The main reason behind this is economy, that developers should be able to rotate between projects and that operations should only have to worry about a limited number of software products. Something like that anyway
However nice this seems, it never delivers on its promise. It is much like the Gantt charts - looks nice, promises a lot, delivers zilch. Not counting the enormous upgrade cost when the whole stack is upgraded after 20 years - COBOL anyone?
It is like a bakery standardizing on a given type of flour, salt and sugar and keeping all ovens at the same temperature, so that the bakers are familiar with the environment should they start working in another part of the bakery.

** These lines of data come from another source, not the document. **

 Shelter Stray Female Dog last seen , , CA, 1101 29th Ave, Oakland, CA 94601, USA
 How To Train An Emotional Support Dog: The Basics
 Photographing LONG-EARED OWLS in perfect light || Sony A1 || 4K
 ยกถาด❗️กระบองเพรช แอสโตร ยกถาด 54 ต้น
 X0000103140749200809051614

So you have your chocolate cakes baked using the same ingredients as your sour dough bread, and of course the whole thing is a mess. After a while the bakers start changing oven temperatures without telling anyone - not out of rebellion but because they have to. Different cakes are baked in different ways, and software is just the same.
There is hope though; I was delighted to read this interview with Werner Vogels, CTO of Amazon:
Developers of our services can use any tools they see fit to build their services. Developers themselves know best which tools make them most productive and which tools are right for the job. If that means using C++, then so be it. Whatever tools are necessary, we provide them, and then get the hell out of the way of the developers so that they can do their jobs.

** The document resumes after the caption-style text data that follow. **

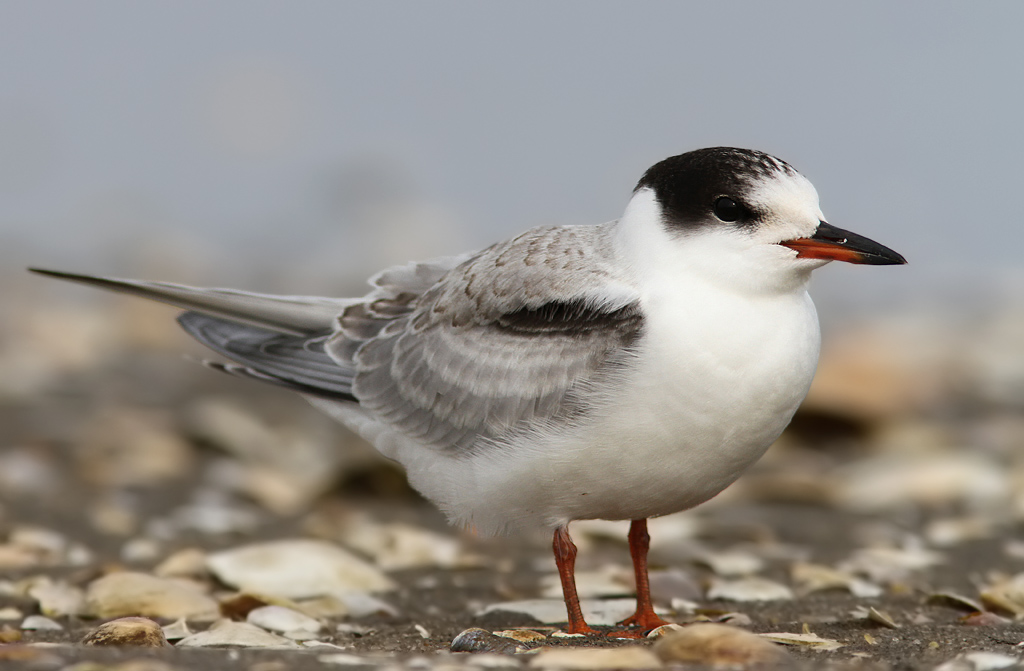 Common Tern (Sterna hirundo)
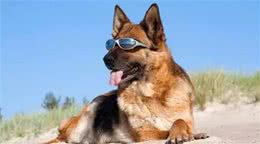 狗狗在宠物店意外中暑，铲屎官心急如焚，朋友交代他做好这几点!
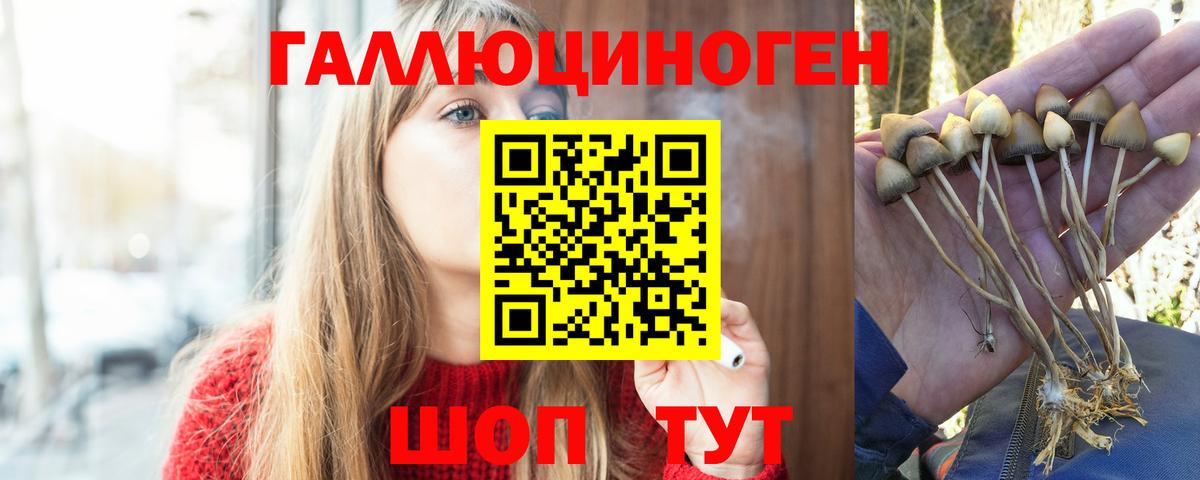Псилоцибиновые грибы прущие грибы Элиста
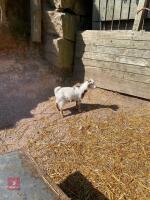 4MO PURE WHITE PYGMY BILLY GOAT - 2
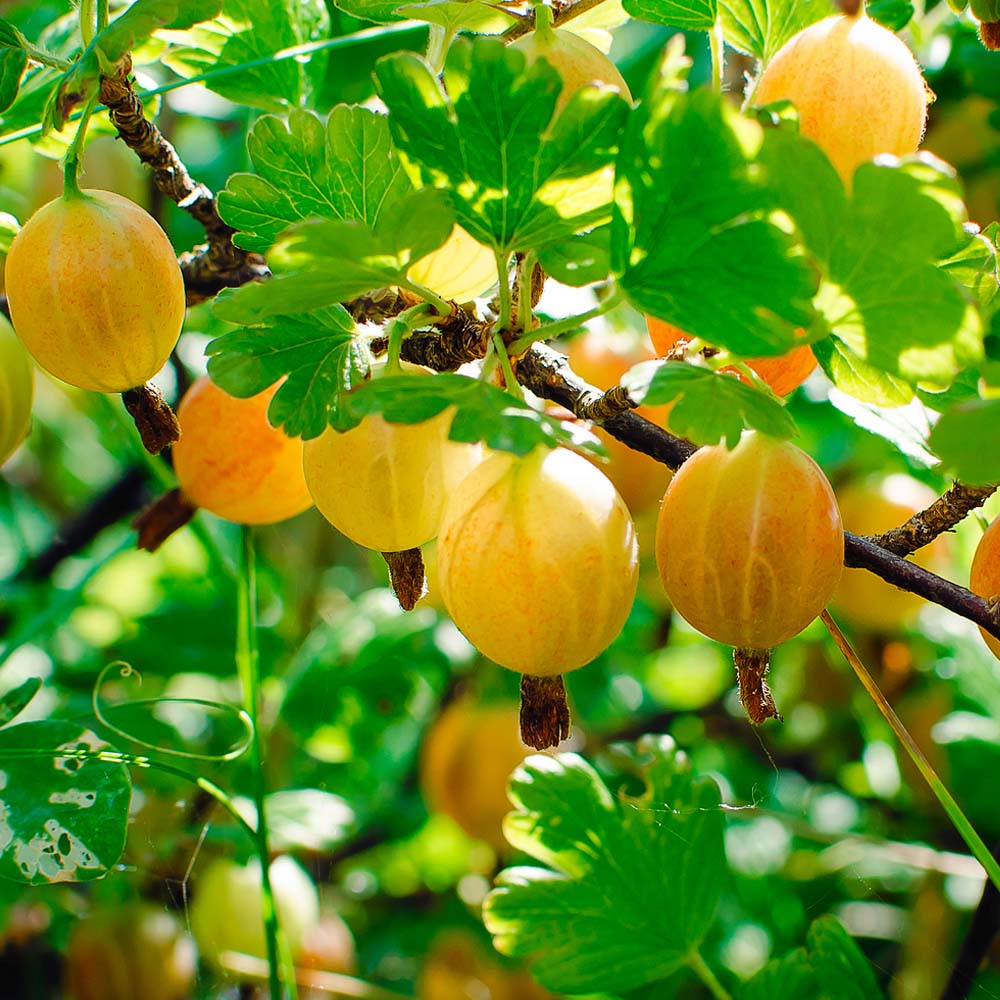 Gooseberry 'Hinnonmaki Yellow' image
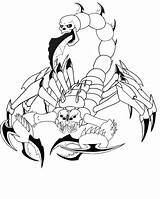 Scorpions Clipartbest sketch template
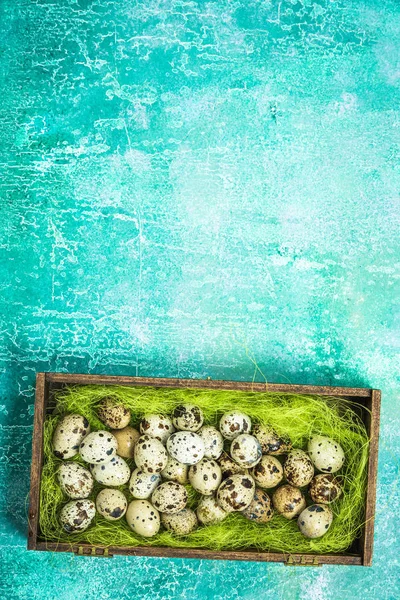 Quail eggs in wooden box with moss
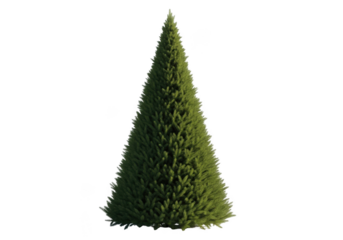 A perfectly conical green fir tree isolated on transparent background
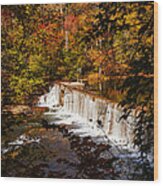 Autumn Trees On Duck River Wood Print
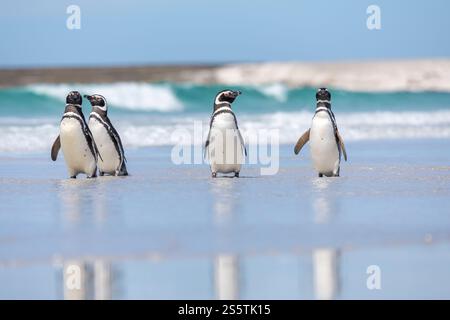 Pinguini di Magellano sulla spiaggia delle Isole Falkland Foto Stock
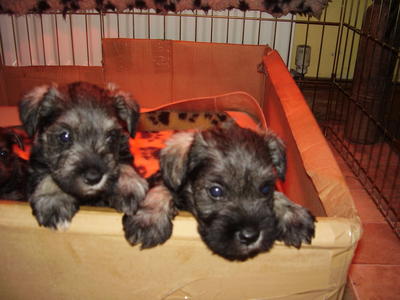 Pure Mini Schnauzer Puppies - Schnauzer Dog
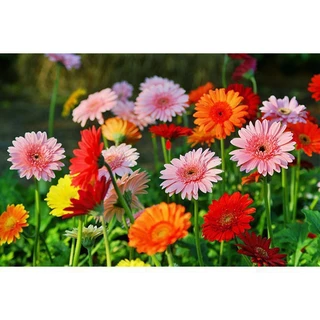 Gói 100 Hạt Giống Hoa Đồng Tiền Kép Lùn - Mix (Gerbera) - Hạt Giống Tốt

That is one man that understands development.
While writing this, Matt wonders how to get stuff past the acceptance red tape. I have no good answer. Guerilla coding is the insubordinate way. Nagging for a very long time has worked a few times. But I probably lean towards Alistair Cockburns analogy with the old joke:
Paddy stopped cutting the hedge as the big car drew up beside him and an English visitor enquired, “Could you tell me the way to Balbriggan, Please?” Paddy wiped his brow. “Certainly, sor. If you take the first road to the left… no still that wouldn’t do… drive on for about four miles then turn left at the crossroads… no that wouldn’t do either.” Paddy scratched his head thoughtfully. “You know, sor, if I was going to Balbriggan I wouldn’t start from here at all.”
Meaning, Matt might be in the wrong place to do what he wants to do.
Finally - if an organization should standardize on something it should be protocols. HTTP for example. Build it, make it accessible with external API’s, and implement it the way you see fit. Just like Amazon does it. Loosely coupled large grained components the way EJB’s never were.